Copy out the whole listing exactly as given. Skip the pictures.

-------- Provided material --------

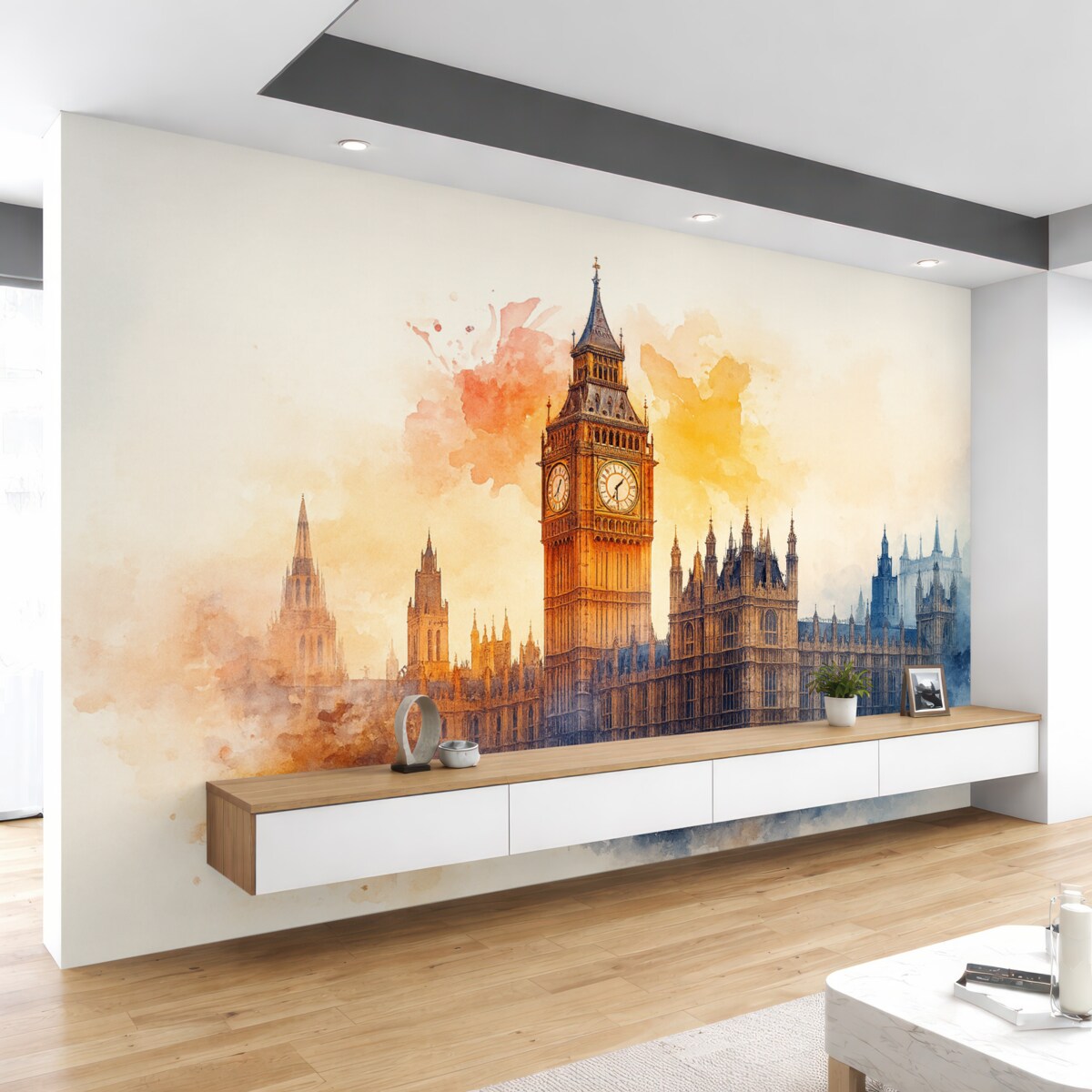 Fototapeta Akwarelowy obrazek Big Bena na jasnym tle.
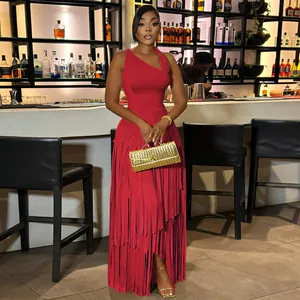 Elegant red sleeveless fringe evening dress with a slim-fit, one-shoulder design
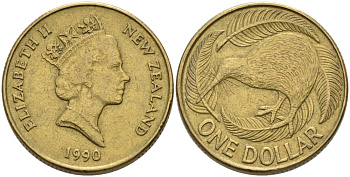 Новая Зеландия 1 доллар 1990 Елизавета II (1952-2022), птица киви KM 78 алюминиевая бронза 29-416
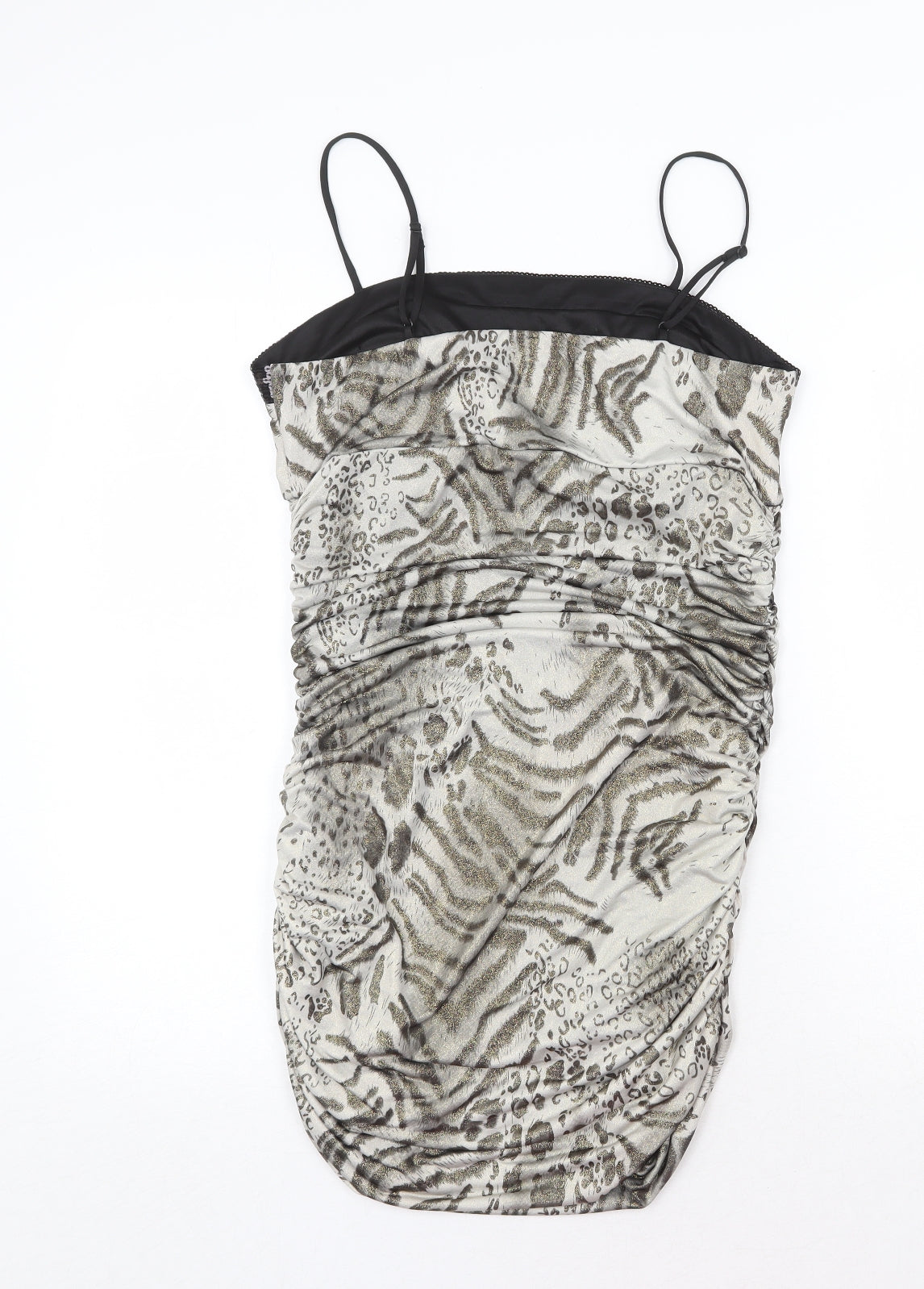 B-Soul Womens Multicoloured Animal Print Polyester Bodycon Size L Scoop Neck Pullover - Leopard Tiger Pattern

--------

# Completed exercise
 Fototapeta Akwarelowy obrazek Big Bena na jasnym tle.
 Elegant red sleeveless fringe evening dress with a slim-fit, one-shoulder design
 Новая Зеландия 1 доллар 1990 Елизавета II (1952-2022), птица киви KM 78 алюминиевая бронза 29-416
 B-Soul Womens Multicoloured Animal Print Polyester Bodycon Size L Scoop Neck Pullover - Leopard Tiger Pattern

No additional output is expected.